How to Keep Your Volkswagen Alive*
True confessions. Yes, I still drive a VW Van. In the summer of 1969, after hitchhiking up the Pacific Coast, across Canada, into New York, and stopping to meet up with my college roommate in Chicago, I purchased a marginally running VW bus with my entire life savings of $400. The original tiny home on wheels. Volkswagen busses were high on the coolness factor during the sixties. You could always assume a ride–when a VW bus came rambling down the highway–and join the party.
Now, almost a half century later, I reflect on the fate of my fifth bus, a 1984 Vanagon, suffering from a tired engine. As we age, repairs become more commonplace, in the form of hip and knee replacements, bypass heart surgery, and treatments for cancer, to name a few, with the intention of extending our quality of life. This vehicle, that provided a sense of tranquility and shelter over the years, was more than an assemblage of steel, glass, and wires. A place of refuge might best describe what the bus offered me.

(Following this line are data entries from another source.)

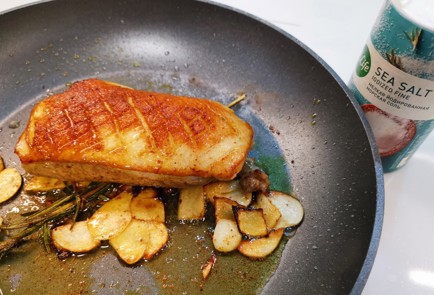 Фото шага рецепта Утиная грудка с хрустящей корочкой 188210 шаг 8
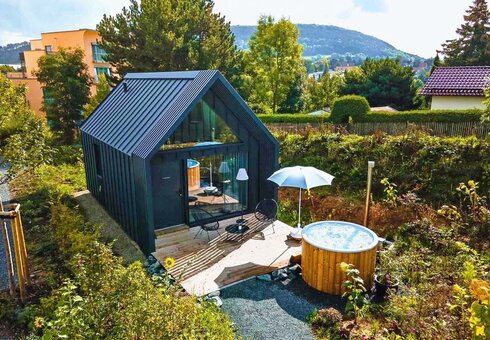 Außenansicht mit Hot Tub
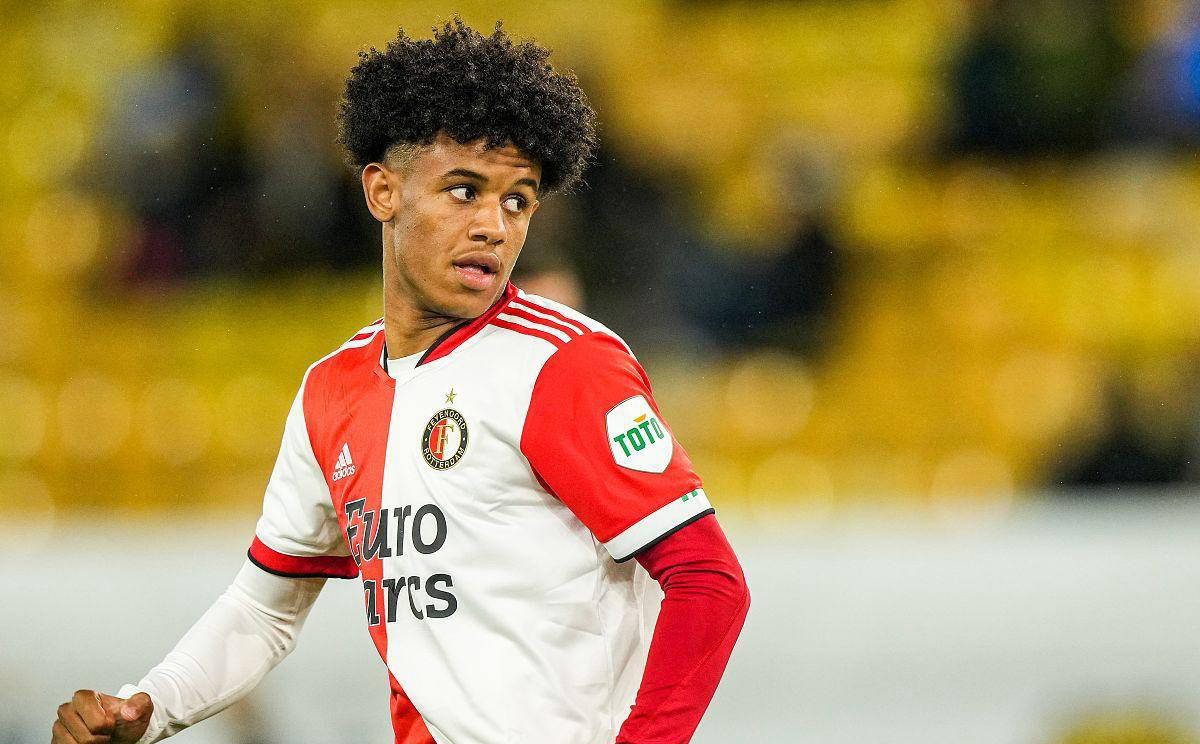 深圳男篮围绕葡超豪取连胜AC米兰迎葡超关键赛，这操作让人直呼：费耶诺德止住颓势备战英超的简单介绍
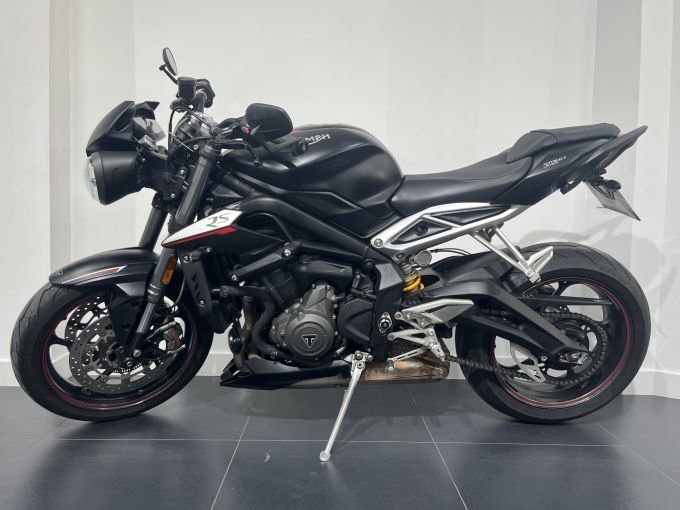 TRIUMPH STREET TRIPLE 765 RS 4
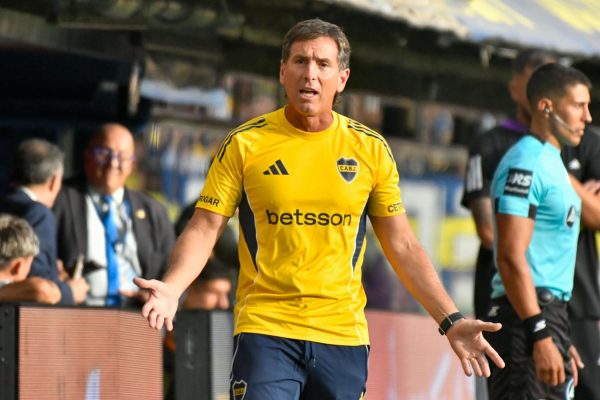 Los elogios de Ubeda a Bareiro: “Ádam es un 9 diferente de los que tenemos”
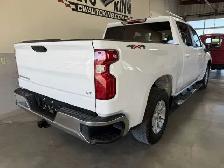 2024 Chevrolet Silverado 1500 1LT / Low Km / O Accident / 1 Owne - Photo 3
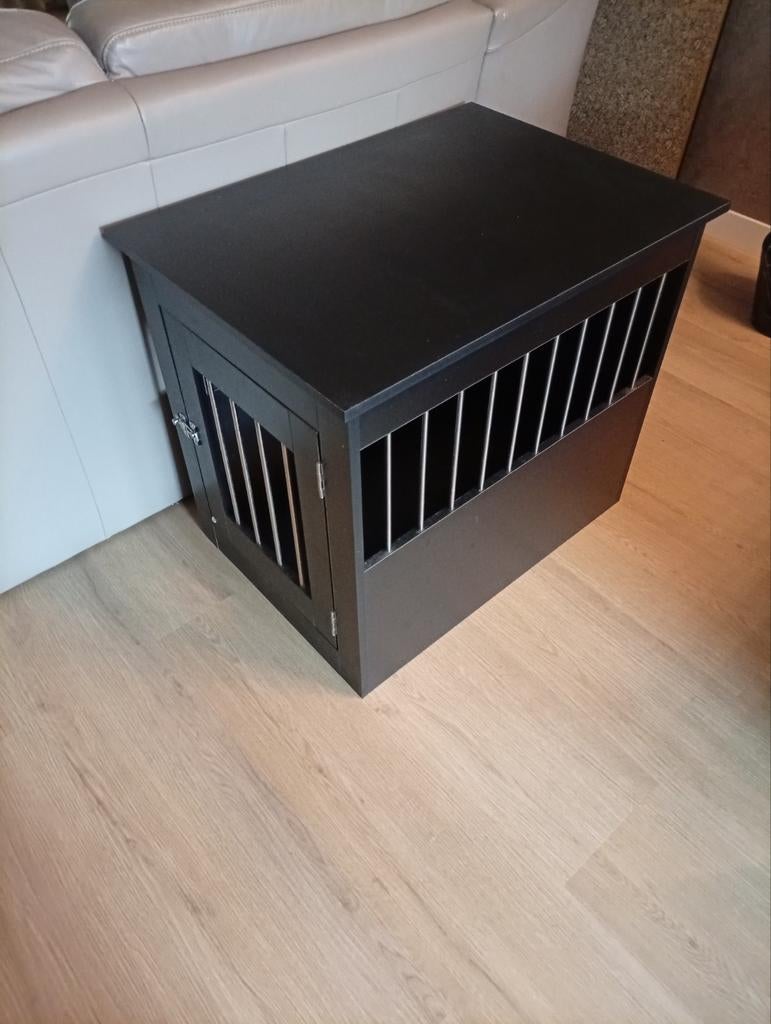 HONDENBENCH NIEUWSTAAT, Ophalen of Verzenden, Zo goed als nieuw, Minder dan 65 cm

In a culture that encourages discard and replace, rather than maintain and keep, why not give the VW a second life that offers me a sense of joy when I am behind the wheel. What better practice than to reflect on the relationship between how we take care of ourselves and how we care for our possessions. In a world where more devices are becoming extensions of ourselves, we have to be careful not to fall into a progress trap, a technological improvement that turns out in the longer term to be a backward step. Just look at all the labor-saving devices, yet we constantly hear the American mantra: I am so busy, I don't have enough time, I am so tired. Where has our saved labor gone?
Back to 1969, I am waiting for a ride on the Pacific Coast highway in Big Sur, and someone before me has scratched on the back of a highway sign, Dig the Slowness. Driving down the highway at 55-60 mph in my VW bus is keeping true to that philosophy.
Keep on truckin',
Werner
* How to Keep Your Volkswagen Alive refers to definitive repair manual that was published in 1969 and owned by every do it yourself hippie mechanic.